Seriously though, my oldest boy is getting married in November and I need to help fund that adventure so I'm trying to be good (so send me an e-mail if you've got anything to tempt me with...shhhhhhh).

Cheers

_________
Chris


----------



## sh333

allthumbs56 said:


> I don't "need" any gear ... but I've always been a little fuzzy on the difference between "need" and "want" :tongue:
> 
> Right now I've got a big "want" on for an Eternity.
> 
> Seriously though, my oldest boy is getting married in November and I need to help fund that adventure so I'm trying to be good (so send me an e-mail if you've got anything to tempt me with...shhhhhhh).
> 
> Cheers
> 
> _________
> Chris


The next shipment of Eternity's is all spoken for already, but I will be putting in another order ASAP. Just say the word and i will keep one back for you. They are not cheap, but man they are nice.

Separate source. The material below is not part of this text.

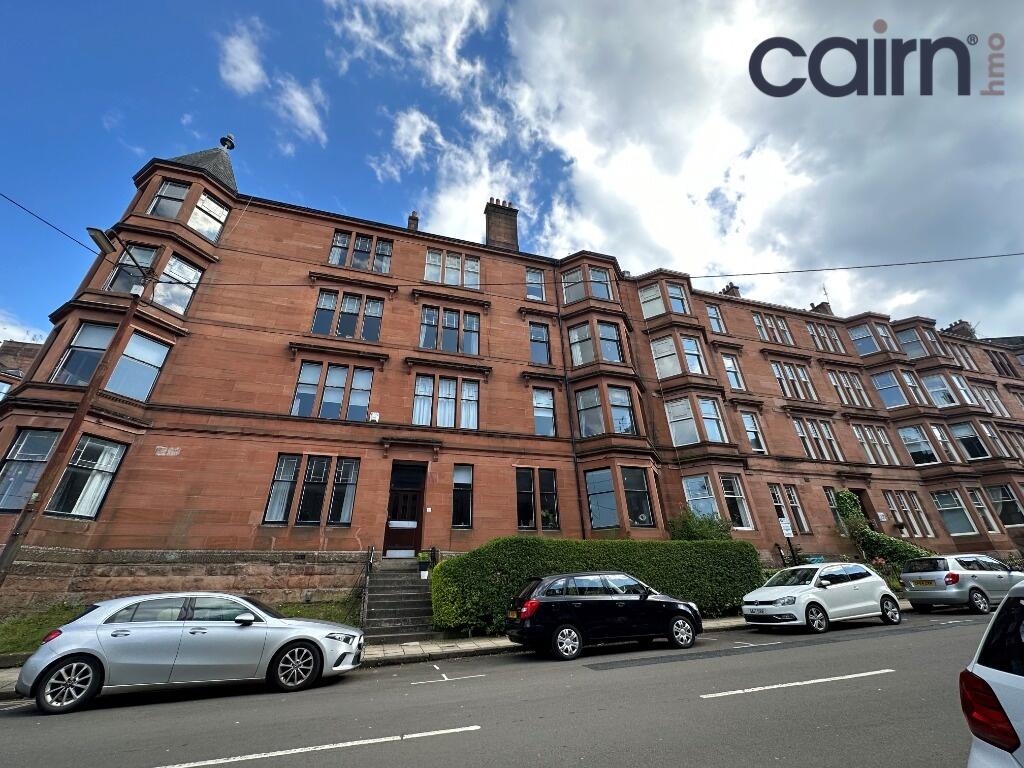 4 bed 1st Floor Flat for rent in Glasgow. From CAIRN LETTING & ESTATE AGENCY - Glasgow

If I decide to blow some stuff out, I will drop you an email.


----------



## david henman

...back in the day i scoffed at pedals. plugged my sg straight into an ampeg half stack. tone for days. but loud. we cranked the monitors and screamed our vocals over the din of guitars and drums.

then, i started working with older and more polished players (and, singers), and playing and rehearsing at more _sensible_ volume levels. and that, boys and girls, is how i became acquainted with processing, starting with the creations of mr tom scholz.

-dh


----------



## Milkman

Well, I'm gigging tonight and tomorrow night with a conventional amp (as opposed to a modeller / processor).


This will mark the first time I've used a normal amp and a couple of pedals for a gig in more than a year.

It will be:

Guitar - Wireless - Crybaby - Traynor YCV40 and I'll have a Visual Sound H20 Chorus / delay in the effects loop.

Of course the amp will be mic'd and I'll have some foldback in the monitors if I need it.

My distortion will be via the amp. If that's not enough, I may look at a pedal for the next gig.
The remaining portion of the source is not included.